Task:
For the entries below, repeat exactly each line starting with the one that contains "As the first" and going on through the one that contains "Now, let's dive", and no others.

━━━ Information provided ━━━

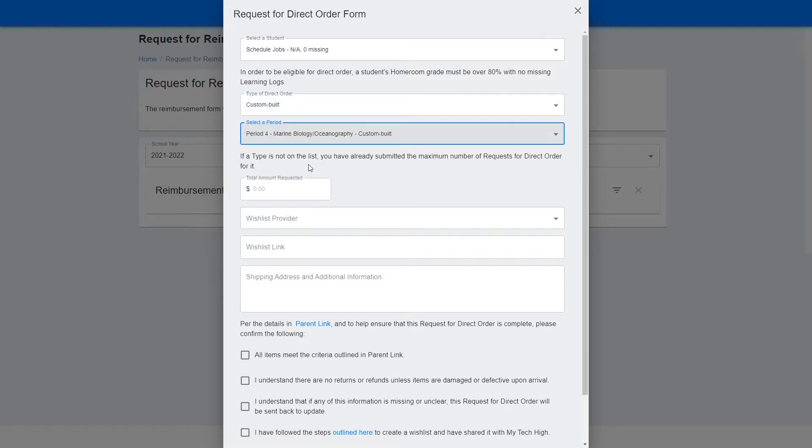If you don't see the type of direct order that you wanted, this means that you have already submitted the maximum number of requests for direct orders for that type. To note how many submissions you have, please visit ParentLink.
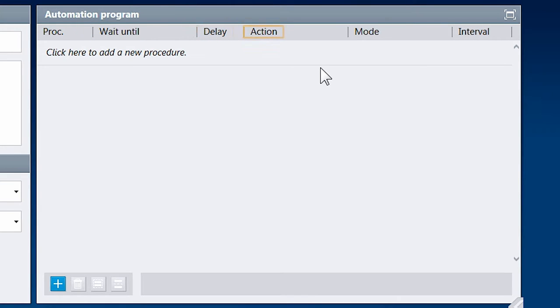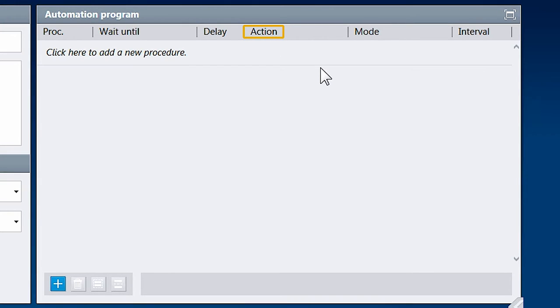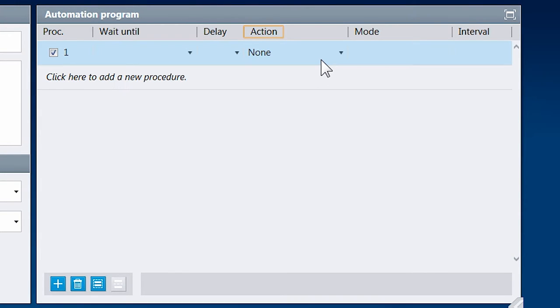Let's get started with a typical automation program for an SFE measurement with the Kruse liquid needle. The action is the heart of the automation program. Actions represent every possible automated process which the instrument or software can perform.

━━━
━━━ Information provided ━━━

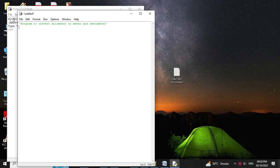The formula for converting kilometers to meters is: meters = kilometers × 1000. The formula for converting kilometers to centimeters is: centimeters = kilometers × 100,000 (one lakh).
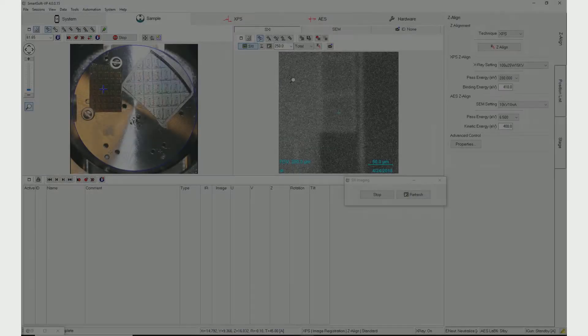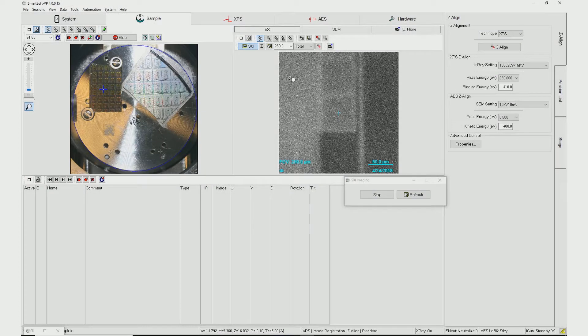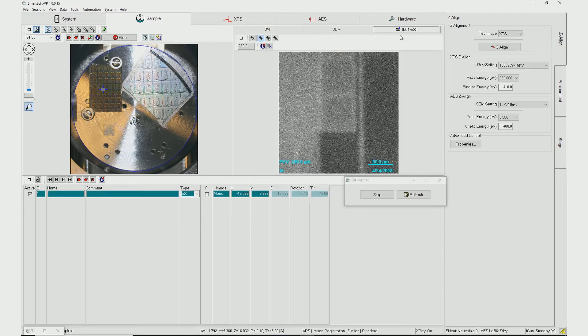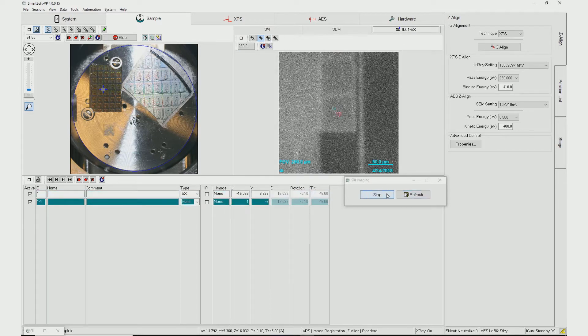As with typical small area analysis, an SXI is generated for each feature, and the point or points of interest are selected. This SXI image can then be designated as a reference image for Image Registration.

━━━
━━━ Information provided ━━━

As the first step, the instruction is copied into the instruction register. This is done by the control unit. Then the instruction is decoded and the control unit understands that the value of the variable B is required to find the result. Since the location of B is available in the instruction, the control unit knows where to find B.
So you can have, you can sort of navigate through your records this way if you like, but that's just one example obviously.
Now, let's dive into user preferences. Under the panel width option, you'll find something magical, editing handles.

━━━

Result below:
As the first step, the instruction is copied into the instruction register. This is done by the control unit. Then the instruction is decoded and the control unit understands that the value of the variable B is required to find the result. Since the location of B is available in the instruction, the control unit knows where to find B.
So you can have, you can sort of navigate through your records this way if you like, but that's just one example obviously.
Now, let's dive into user preferences. Under the panel width option, you'll find something magical, editing handles.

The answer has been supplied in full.